Registration is open now until 31 May 2024.
To register for the event, please use the registration link based on your affiliation. The participation conditions and respective fees are below.
- EUMaster4HPC programme students: Registrations are closed
- Students of other study programs (external students): Registrations are closed
The Summer School will offer students practical insights into HPC and data analytics, addressing the growing demand for expertise in these areas. Participants will gain competencies in various tools and techniques, empowering them to tackle real-world challenges effectively.
In this summer school, students will learn how to prepare data and understand its characteristics to create meaningful machine learning models on an HPC architecture. For this purpose, we will use open-source programming languages, such as R and Python. The supercomputing infrastructure of IT4Innovations will be used for hands-on exercises, which will be an integral part of all lectures. At the end of the summer school, the student will gain competencies in the following:
- Using a Linux-based HPC environment.
- Understanding the theoretical background of exploratory data analysis and modeling.
- Scale data analysis for Big Data in R and Python.
- Creating basic Machine and Deep Learning models in R and Python.
- Deciding whether to use Machine or Deep Learning methods.
- Building data processing pipelines for Machine or Deep Learning tasks.

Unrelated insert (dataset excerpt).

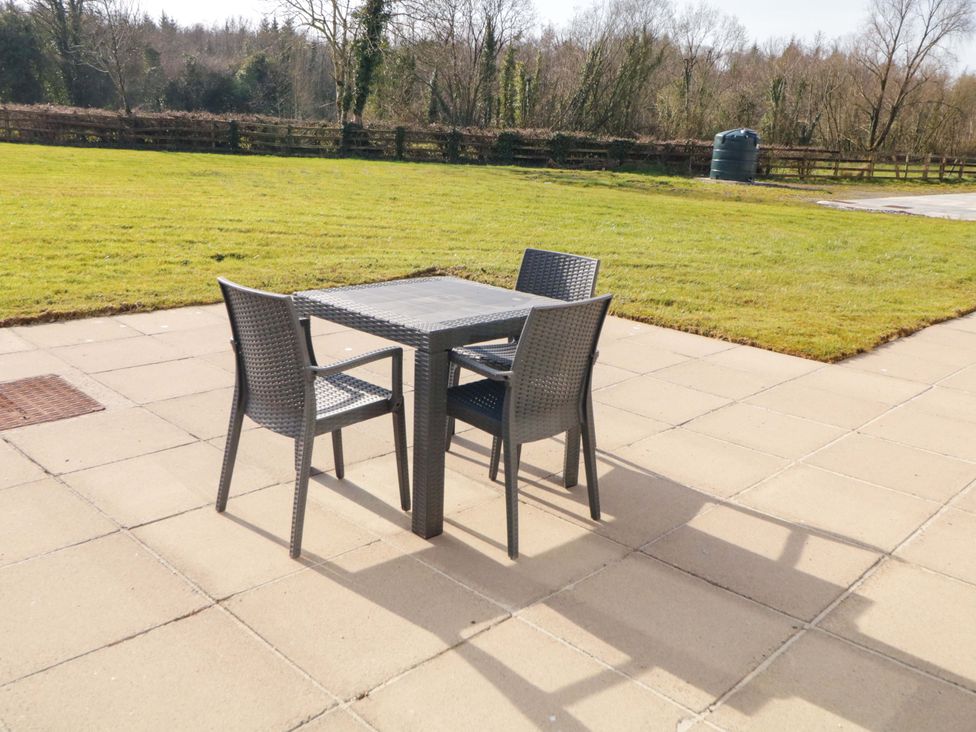 A table and chairs in an outdoor space at Innishore Cottage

- Knowing how to set up and run data analysis in parallel on an HPC cluster with R and Python.
- Parallelisation of Machine and Deep Learning tasks to use multiple compute nodes and/or multiple accelerators (GPUs).

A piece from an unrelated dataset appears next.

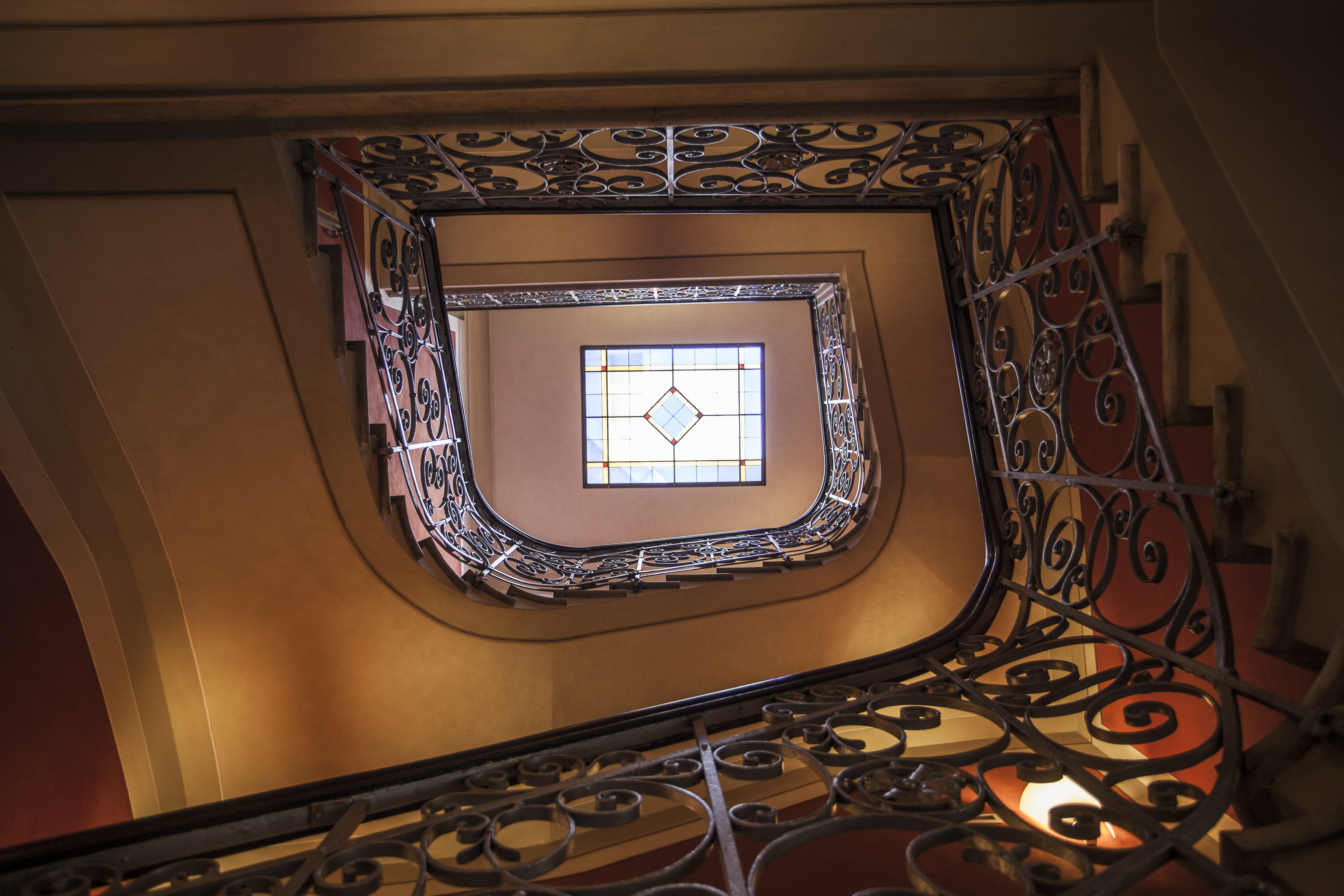 The main staircase with a silver tread iron railing, viewed from below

- Using MATLAB tools for HPC and data analysis.
IT4Innovations National Supercomputing Center is a research center active in HPC, Data Analysis, AI, and Quantum Computing and their applications to other scientific fields, industry, and society.
Vienna Scientific Cluster (VSC) is the national supercomputer of Austria, its VSC Research Center is devoted to facilitate the use of high-performance computing in all domains of science and research, it is recognised for its first-class training offer.
MathWorks are the leading producers of technical computing software. Millions of users trust MATLAB® and Simulink® to accelerate the pace of their engineering and science.
Detailed agenda
Saturday 17 August: Arrival of students and guests and check-in to the hotel.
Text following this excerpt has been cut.